They noted that amendments to the Overseas Investment Office Act and also recent court decisions meant that any sale of farmland was required to demonstrate a real and identifiable benefit.

”This was to ensure any investment, such as the one being proposed, has benefit over and above just making a farm work better,” said Federated Farmers president, William Rolleston.

”Since Lochinver Station is highly regarded in farming circles, there must be something very special and we are keen to know what it is.”

And that appears to be where Shanghai Pengxin failed. Their small investment and low number of jobs being created didn’t meet the criteria the Ministers were required to consider.

The turn down of the sale, was the first big overseas purchase declined by a New Zealand Government since March 2008 when the Labour Government had to amend legislation to allow them to block a Canadian pension fund from purchasing Auckland International Airport.

And the decision has drawn criticism.

The right-wing New Zealand Initiative said the decision went completely against NZ’s international reputation as a place to do business, but was unfortunately consistent with New Zealand’s poor OECD ranking for openness to foreign investment.
 
“Ministers vetoing the deal cited a lack of economic benefits to New Zealand but ignored the benefits all property owners enjoy when they are free to sell to the highest bidder: the higher price then received.,”  an Initiative spokesman, Bryce Wilkinson said.

New Zealand First asked if Lochinver could be turned down why the Government had approved the sale “of over a million hectares of land to foreigner buyers.
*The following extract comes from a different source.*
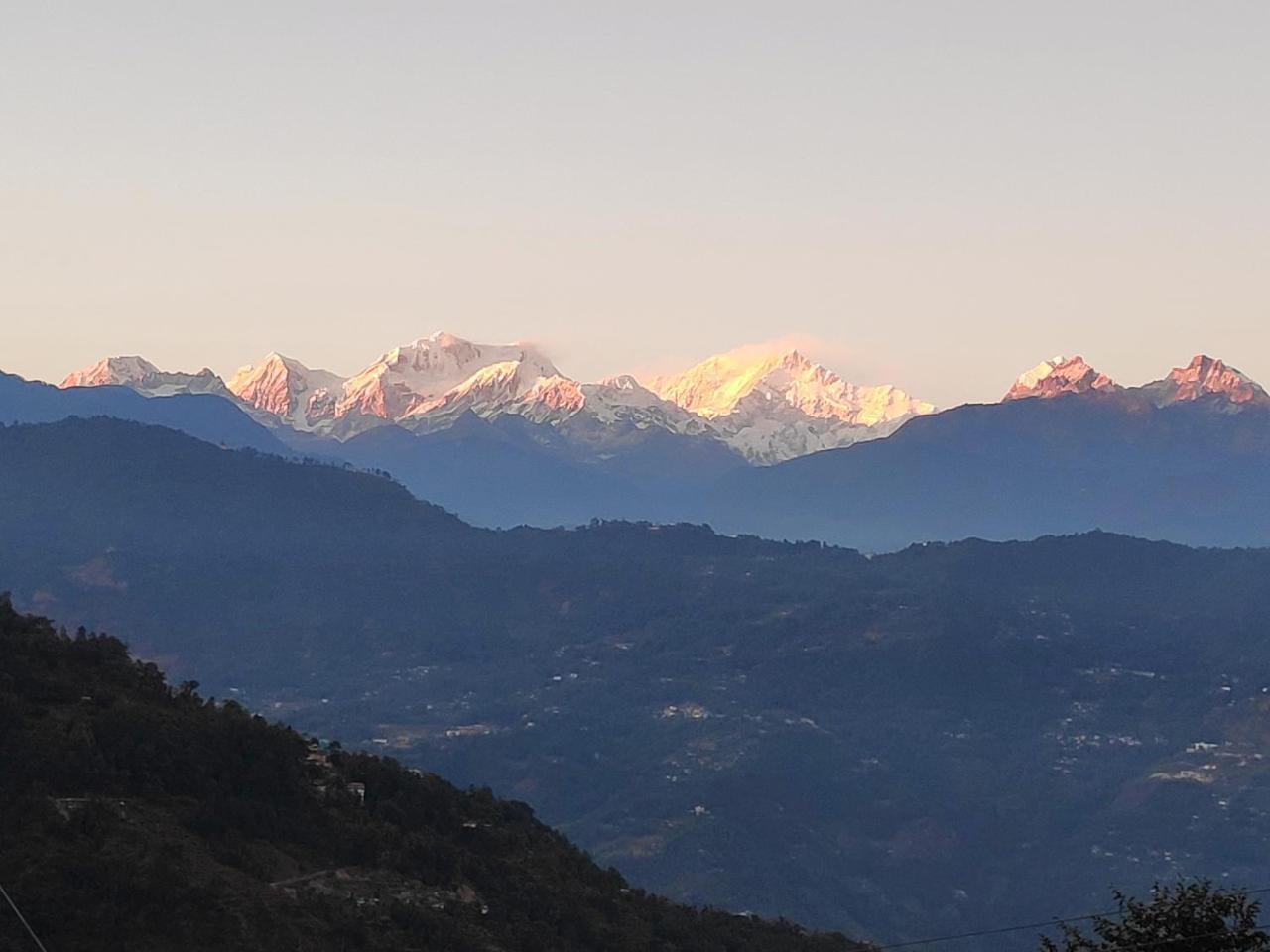 The Ace Pine Valley Hotel Pelling Buitenkant foto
“None of those sales add substantial benefit for New Zealand,” says Deputy Leader Ron Mark. 

“Is this nervous third term government only acting now because their polling shows they are on the slippery slope?”

Even though Associate Finance Minister Paula Bennett maintained the decision to turn the sale down was not political it did over turn a decision of the Overseas Investment Office.

Though they admitted the matter was “finely balanced” they argued that the sale to Shanghai Pengxin should be approved because it would provide benefits under 14 different categories to the country.

Those categories included the creation of jobs, increased export receipts, greater productivity and additional investment for development purposes — all of which the Ministers believed failed the test.

This then raises interesting questions about the Overseas Investment Office and whether it approves farmland purchases applications too easily.